* LISTED ENTRIES
>>>
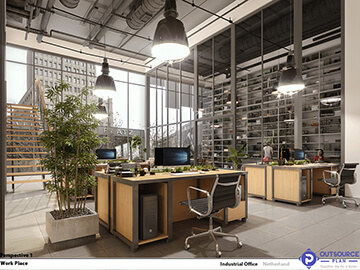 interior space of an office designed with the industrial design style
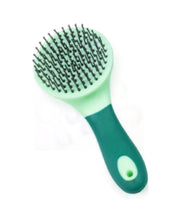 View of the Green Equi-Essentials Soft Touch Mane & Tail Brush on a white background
<<<
>>>
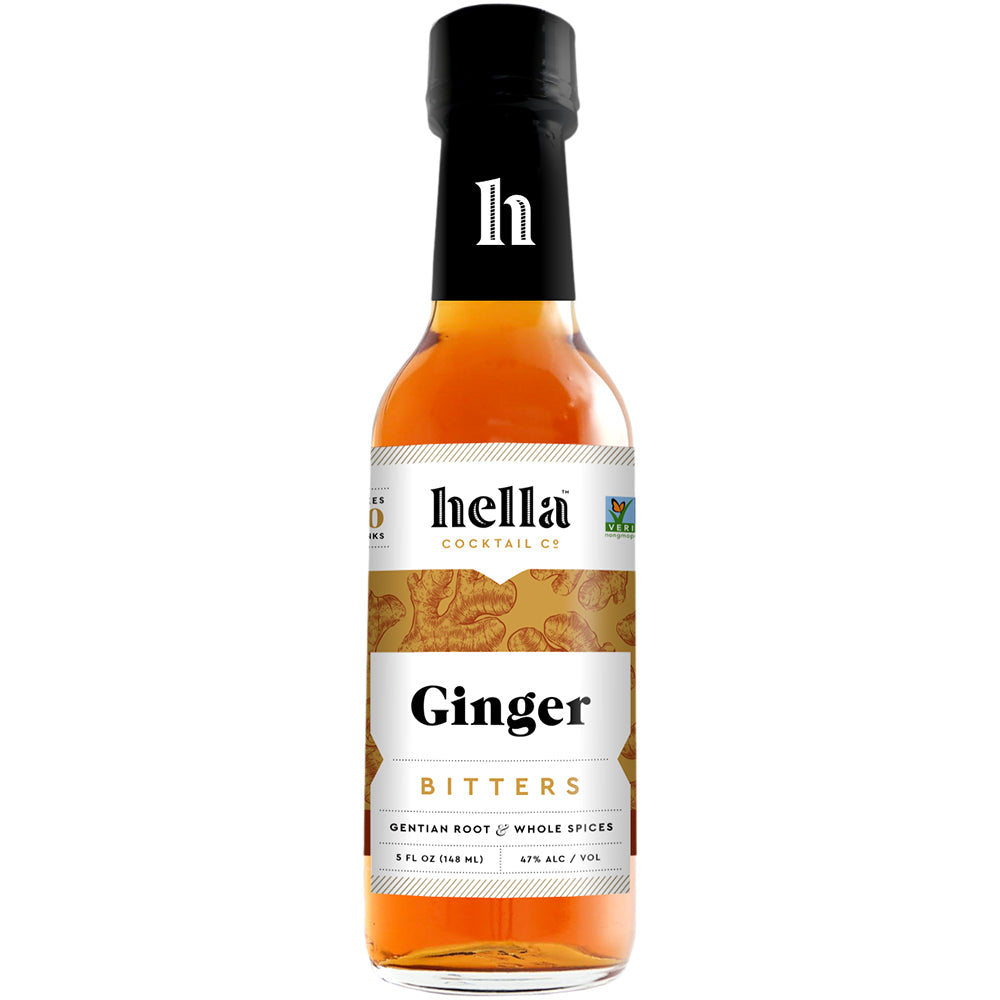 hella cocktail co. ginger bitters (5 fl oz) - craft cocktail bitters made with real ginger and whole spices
<<<
* DESCRIPTION OF THE TASK
Nothing but the lines from the one with "interior space of" to the one with "View of the" above, both included, should be transcribed, exactly and without pictures.

* PROBLEM SOLUTION
 interior space of an office designed with the industrial design style
 View of the Green Equi-Essentials Soft Touch Mane & Tail Brush on a white background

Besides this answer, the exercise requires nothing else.